In considering the authorities therefore upon this subject, it becomes necessary to examine the statutes under which the cases arose. The case of Sawyer v. The Inhabitants of Worthfield, 7 Cush., 490, so much relied upon by the counsel for the defendants, originated under the statute of Massachusetts making towns liable, “when no other sufficient provision was made for repairs.” The distinction between that case and the one at bar is the difference between a qualified and a general liability. So the case of State v. Gorham, 37 Maine, 461, came up under our statute of 1841, making towns positively liable. While that case, for this reason, is not directly in point, the reasoning of the court applies, with equal force, in the case under consideration. “The safety and convenience of those who travel upon our public ways,” observes Rice, J., in that case, “have ever been primary objects in the estimation of the legislature. The introduction of railroads and the frequency with which they cross public ways, as well under bridges, as at grade, has greatly increased the hazards of ordinary traveling. It is important that the most certain, prompt and efficient means should be provided against those new and increasing causes of inconvenience and danger to travelers. Towns have the general supervision of highways. By holding them primarily responsible a very much more convenient and *552certain remedy is afforded the public than could be had against private individuals or corporations.”
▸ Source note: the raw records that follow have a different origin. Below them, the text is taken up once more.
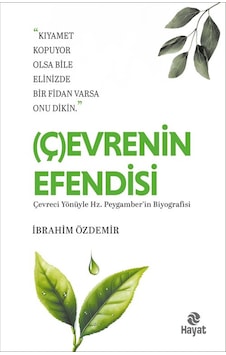 Ç Evrenin Efendisi & Çevreci Yönüyle Hz.peygamber'in Biyoğraf... Ç Evrenin Efendisi & Çevreci Yönüyle Hz.peygamber'in Biyoğraf...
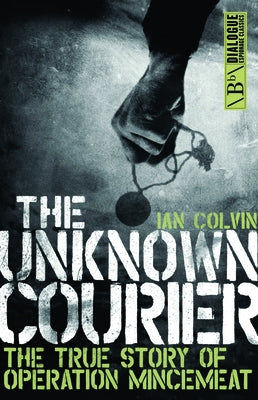 The Unknown Courier: The True Story of Operation Mincemeat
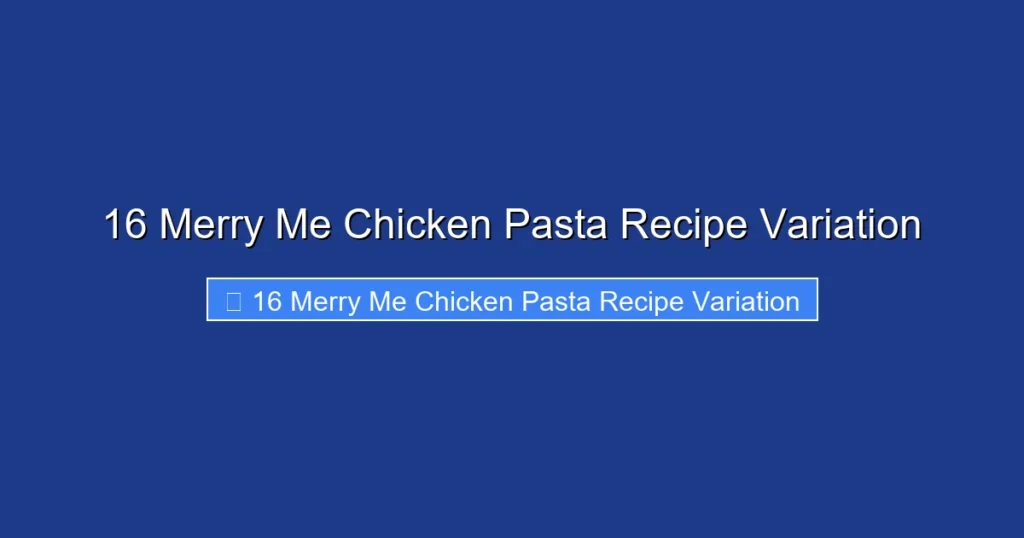 16 Merry Me Chicken Pasta Recipe Variation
The court further remarks in that case that this construction of that statute does not discharge railroad corporations, or other parties, required by law to maintain and repair bridges or highways, from their liability to do so, and that towns have a remedy against such parties by mandamus, or by action on the ease.

A highway was laid out and established where the bridge in question stands. The bridge was rebuilt and kept in repair for several years by the town of Madison. That town is under the same legal liability to repair that highway that it is other highways within its h'mits.
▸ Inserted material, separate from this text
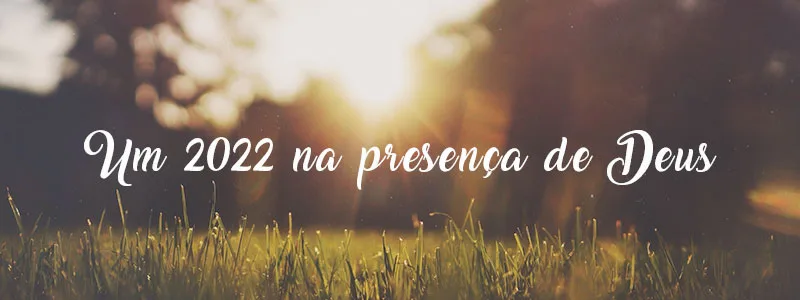 Oração por um 2022 na presença de Deus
It was not necessary to allege in the indictment the authority by which the highway was laid out. Therefore, the clause in the indictment, “as laid out by the town of Madison,” may be regarded as surplusage. The general allegation that the highway was situated in the town of Madison, and was duly and legally laid out and established, is sufficient to authorize the admission of evidence of its location by the county commissioners, or by that town, as the presiding justice ruled.
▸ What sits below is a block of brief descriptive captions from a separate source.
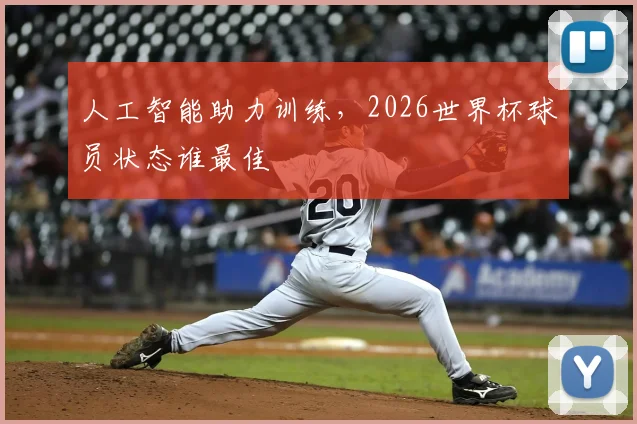 人工智能助力训练,2026世界杯球员状态谁最佳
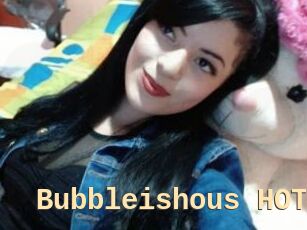 Bubbleishous_HOT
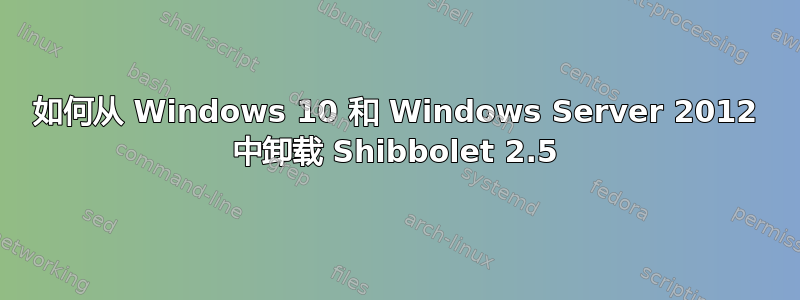 如何从 Windows 10 和 Windows Server 2012 中卸载 Shibbolet 2.5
Nor do we think it was necessary to set forth the width of the highway in the indictment. It has not been usual, we think, to do this in this State, whatever may have been the practice in England. The length, direction and.termini of the highway are distinctly alleged in the indictment. The defendants were thus sufficiently informed what highway was meant. An additional allegation of the width of the highway was not necessary to enable them to prepare their defence. It was incumbent on the State to show that the defects alleged existed within the limits of the highway, whether its width was alleged in the indictment or not. Failing in this the prosecution could not be sustained. The objection interposed by the defendants upon this branch of the case may have been pertinent to the sufficiency, but not to the competency, of the evidence offered. There was, therefore, no error in overruling this objection, and admitting the record evidence, offered to show *553the location of the highway both by the town of Madison and the county commissioners.

The highway described in the indictment was legally located and established in the town of Madison, and it was the duty of that town to keep it “safe and convenient for travelers.” The jury have found that the town neglected to discharge this duty, and we see no reason why their verdict should not stand.

Exceptions overruled.

Appleton, C. J., Walton, Barrows, Danforts and Virgin, JJ., concurred.